The Sentimeter: 9.22.13
The Sentimeter remains in neutral territory. Two weeks ago, the "dumb money" was extremely bearish, and this was a bull signal. Buying arrived where and when it should have. This past week, Federal Reserve's announcement that they were NOT taking the punch bowl away moved the SP500 to all time highs. The bears of two weeks ago were left on the sidelines hoping to get a dip so they can chase prices higher.
Yet, by the end of the week, didn't it seem like Bernanke fumbled the ball? Why was the taper off the table when he had told the markets for months that they were going to start with a measly $15 billion dollar reduction per month? Is the economy that weak?
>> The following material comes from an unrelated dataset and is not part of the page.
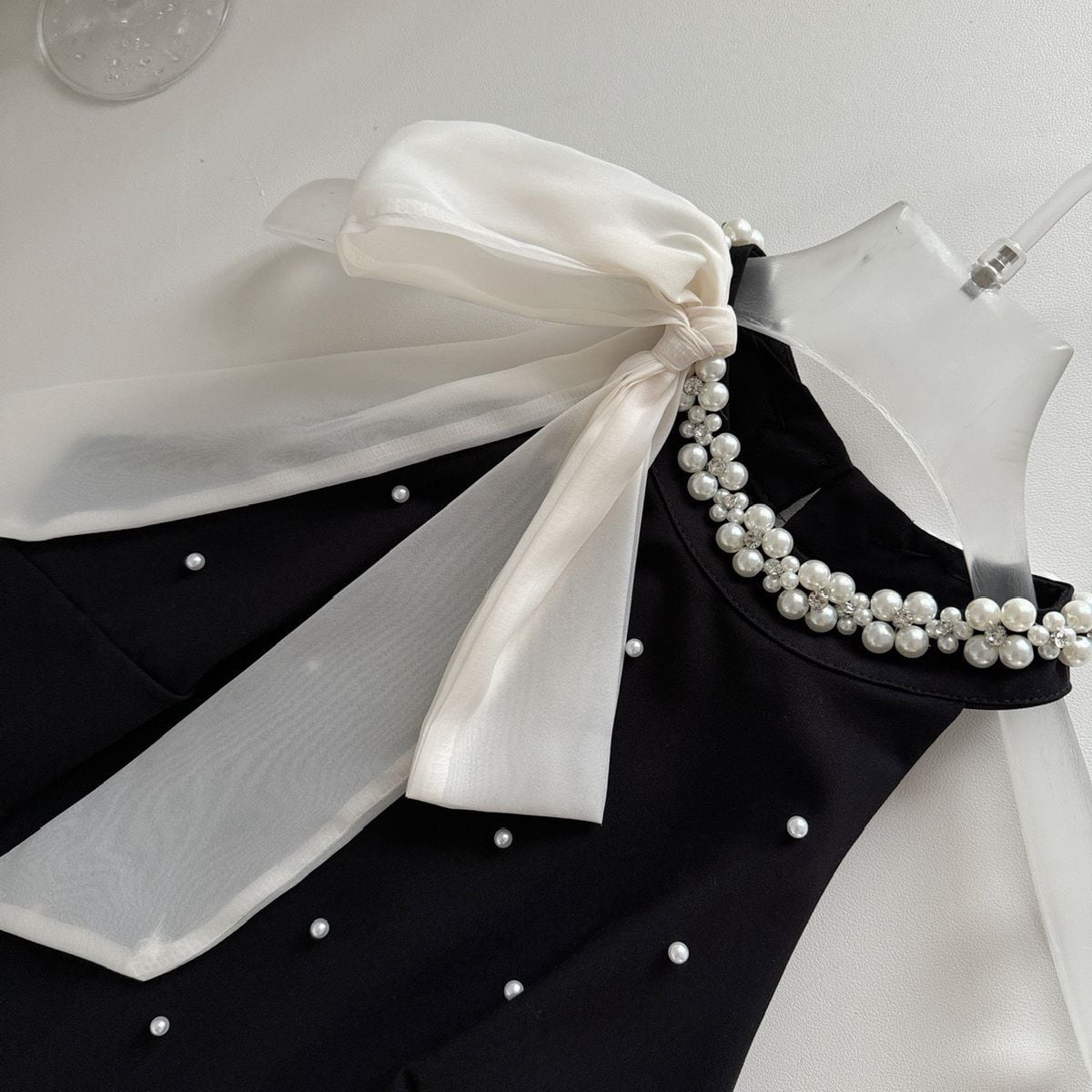 【dress】ノースリーブパールビジューワンピース　M24422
Has Bernanke lost all credibility? The markets reversed all of the "taper off" gains by the week's end.
While we can speculate what it all means, the truth is that shallow dips, like we had 3 weeks ago, lead to marginal highs at best. It has been nearly 2 years since the last "real" bull signal when investors were extremely bearish. Over the past 2 years, any modest selling has been met with either the introduction of a new Federal Reserve asset purchasing program or the proclamation (i.e., jawboning) that asset purchases will continue essentially forever. The market needs to clear itself of the weak hands, and the best way to accomplish this is selling. Anything short of this will lead to the same old thing -- shallow dips and marginal new highs!!
See the Equity Market Investor Sentimeter below, which is our most comprehensive sentiment indicator. This indicator is constructed from 10 different data series including opinion data (i.e., how do you feel about the market?) as well as money flow data (i.e., where is the money going?). The current state of equity market investor sentiment is NEUTRAL.